I asked if the rapid pace of going through 1,600 applicants in a month and coming up with 32 candidates after 200 interviews seemed like a bit of a rush. And since all 32 received investments, it seemed like a “spray and pray” approach. But Lu said each applicant who was accepted into the accelerator automatically received an investment.
“It’s not spray and pray so much as we care deeply about finding interesting intersections across all of games, industry and technology,” Lu said. “We start at the very top of the funnel, and it’s quite wide. But we spend a lot of time getting to know the founders and understanding what they want to do and how they might fit within out program.”
Lee said they were looking for the best pre-seed founders, an area where these is a vacuum in games. It wasn’t just a lot of students. There were applicants in areas such as AI, consumer, payments and more.
“When we then started our demo day, it was just astounding, the number of vendors who showed up,” Lee said. “It turns out we had more than 260 ecosystem partners and investors.”
Lu added, “There are a lot of people really interested in helping to develop the games industry and want to invest in companies but don’t really know how to start.”

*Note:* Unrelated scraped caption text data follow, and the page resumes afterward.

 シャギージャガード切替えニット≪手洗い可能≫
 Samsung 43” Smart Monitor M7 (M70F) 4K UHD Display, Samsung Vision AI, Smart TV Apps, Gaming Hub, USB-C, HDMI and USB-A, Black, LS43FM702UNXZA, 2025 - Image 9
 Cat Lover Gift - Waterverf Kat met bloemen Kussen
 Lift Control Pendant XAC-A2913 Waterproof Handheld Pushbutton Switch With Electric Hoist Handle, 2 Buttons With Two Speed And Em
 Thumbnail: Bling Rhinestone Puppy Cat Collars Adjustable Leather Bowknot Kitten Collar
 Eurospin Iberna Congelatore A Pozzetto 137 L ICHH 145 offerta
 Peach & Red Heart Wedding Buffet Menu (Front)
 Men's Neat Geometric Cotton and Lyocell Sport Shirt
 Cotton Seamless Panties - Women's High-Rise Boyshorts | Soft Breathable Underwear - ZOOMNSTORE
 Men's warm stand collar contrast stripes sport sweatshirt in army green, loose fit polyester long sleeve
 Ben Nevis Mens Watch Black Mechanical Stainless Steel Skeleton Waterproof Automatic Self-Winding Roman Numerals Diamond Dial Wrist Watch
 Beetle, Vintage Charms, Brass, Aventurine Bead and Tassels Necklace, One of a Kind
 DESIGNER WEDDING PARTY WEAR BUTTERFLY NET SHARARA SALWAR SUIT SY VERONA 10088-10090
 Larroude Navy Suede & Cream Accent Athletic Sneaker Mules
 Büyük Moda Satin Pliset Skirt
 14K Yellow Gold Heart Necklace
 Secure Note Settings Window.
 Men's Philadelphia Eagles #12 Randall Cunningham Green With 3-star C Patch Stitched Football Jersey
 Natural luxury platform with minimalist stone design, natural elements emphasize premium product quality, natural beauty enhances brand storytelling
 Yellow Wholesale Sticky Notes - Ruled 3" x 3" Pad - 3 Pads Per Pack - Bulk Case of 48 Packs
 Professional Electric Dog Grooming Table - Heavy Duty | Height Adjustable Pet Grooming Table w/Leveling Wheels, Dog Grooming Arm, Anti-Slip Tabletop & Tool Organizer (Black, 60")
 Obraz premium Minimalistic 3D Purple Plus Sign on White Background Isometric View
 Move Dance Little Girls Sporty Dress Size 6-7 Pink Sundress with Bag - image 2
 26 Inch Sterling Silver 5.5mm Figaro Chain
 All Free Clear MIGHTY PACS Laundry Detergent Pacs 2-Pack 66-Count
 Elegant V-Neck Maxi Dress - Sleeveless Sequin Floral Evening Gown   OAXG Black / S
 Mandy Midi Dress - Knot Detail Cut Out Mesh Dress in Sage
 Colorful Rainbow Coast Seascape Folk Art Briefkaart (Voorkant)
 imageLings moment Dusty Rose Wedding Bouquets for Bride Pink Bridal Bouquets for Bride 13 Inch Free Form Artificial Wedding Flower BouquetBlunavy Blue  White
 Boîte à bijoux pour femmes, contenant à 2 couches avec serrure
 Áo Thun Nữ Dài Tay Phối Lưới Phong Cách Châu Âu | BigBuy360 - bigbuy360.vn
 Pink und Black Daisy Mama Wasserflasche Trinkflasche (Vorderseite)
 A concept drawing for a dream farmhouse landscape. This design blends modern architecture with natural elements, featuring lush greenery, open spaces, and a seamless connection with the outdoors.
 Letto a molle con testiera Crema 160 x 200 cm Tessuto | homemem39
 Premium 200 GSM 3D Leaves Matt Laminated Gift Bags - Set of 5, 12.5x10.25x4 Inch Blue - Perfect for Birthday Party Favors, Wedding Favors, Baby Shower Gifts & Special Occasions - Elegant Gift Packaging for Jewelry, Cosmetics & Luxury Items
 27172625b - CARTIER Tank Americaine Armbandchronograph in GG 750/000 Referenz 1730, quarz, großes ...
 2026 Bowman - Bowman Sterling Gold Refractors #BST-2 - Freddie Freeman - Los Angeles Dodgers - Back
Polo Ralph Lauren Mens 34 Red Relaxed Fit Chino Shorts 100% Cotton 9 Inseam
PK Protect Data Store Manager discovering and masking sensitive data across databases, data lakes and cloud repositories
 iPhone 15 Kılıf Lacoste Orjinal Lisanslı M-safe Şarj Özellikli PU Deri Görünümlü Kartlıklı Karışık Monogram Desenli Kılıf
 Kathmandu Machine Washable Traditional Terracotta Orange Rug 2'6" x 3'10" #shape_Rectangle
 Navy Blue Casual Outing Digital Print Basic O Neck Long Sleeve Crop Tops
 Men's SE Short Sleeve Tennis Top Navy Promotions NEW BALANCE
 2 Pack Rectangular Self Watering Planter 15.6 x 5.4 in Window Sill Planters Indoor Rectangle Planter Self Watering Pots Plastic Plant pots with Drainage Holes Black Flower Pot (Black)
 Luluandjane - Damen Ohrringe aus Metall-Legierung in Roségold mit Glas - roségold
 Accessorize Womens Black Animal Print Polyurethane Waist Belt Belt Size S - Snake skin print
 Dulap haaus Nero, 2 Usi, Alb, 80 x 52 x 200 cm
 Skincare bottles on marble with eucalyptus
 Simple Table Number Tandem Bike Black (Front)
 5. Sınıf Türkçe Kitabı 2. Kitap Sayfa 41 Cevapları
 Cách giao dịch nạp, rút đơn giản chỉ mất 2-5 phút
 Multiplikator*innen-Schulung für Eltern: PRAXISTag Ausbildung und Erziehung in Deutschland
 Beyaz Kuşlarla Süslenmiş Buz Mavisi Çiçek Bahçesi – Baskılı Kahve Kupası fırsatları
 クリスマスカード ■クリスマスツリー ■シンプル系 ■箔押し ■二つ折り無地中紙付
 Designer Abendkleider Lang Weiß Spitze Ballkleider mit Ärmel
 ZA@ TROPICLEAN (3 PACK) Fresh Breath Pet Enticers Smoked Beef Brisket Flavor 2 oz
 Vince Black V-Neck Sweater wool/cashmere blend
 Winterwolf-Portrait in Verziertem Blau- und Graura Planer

Lee said, “That’s the thing that I think we’re seeing in both sides of the gaming industry. Not only do you have companies who need to basically get that acceleration. But on the other side are individuals who are angel investors or just don’t know where to find these companies. So how do we unlock that in the very early stages?”
Lee said he was a fan of Y Combinator, but he notes there is nothing like this new accelerator at the intersection of games and technology. (There were some a long time ago like YetiZen but not that many big efforts lately). The program is customized for next-generation consumers and gamers.
Lu said A16z isn’t doing this because of competition among game funds. Rather, he said it’s born out of a desire to help develop gaming’s ecosystem.
Hot categories?
Lu said there was a lot of energy in the AI and games part of the market in terms of applicants. There were a couple of AI companies in the last batch, he said.
“We are prepared to support any and all types of founders,” Lu said. “Of course we’re also optimists about AI, and we are excited to see how it impacts the games industry. We’re preparing our companies on how to use AI.”
But rather than focus on game industry categories like VR or esports, A16z will focus more on the founders and their passion for what they’re doing. Do they have the ability to ship products? That matters more than the actual space they’re targeting, Lu said.
The next round: Speedrun 2024
Lu said that the applicants who didn’t get chosen the first time around can apply again, as the first cohort had a limited capacity and there will likely be more accepted in the second group.
During the previous accelerator class, entrepreneurs like Mark Pincus gave talks and shared stories with the founders. Operators at companies in the industry gave their lessons.
“Our vision for this is we are spearheading the effort to help the games industry along, but we also want to enlist the games industry in this effort,” Lu said. “Bringing more and more mentors and speakers into the program is something that we definitely want to do.”
“The previous founders definitely want to help the next generation,” Lee said. “They have just so much knowledge and they want to share. The games industry moves so quickly that and we’re excited to see what happens in the next cohort.”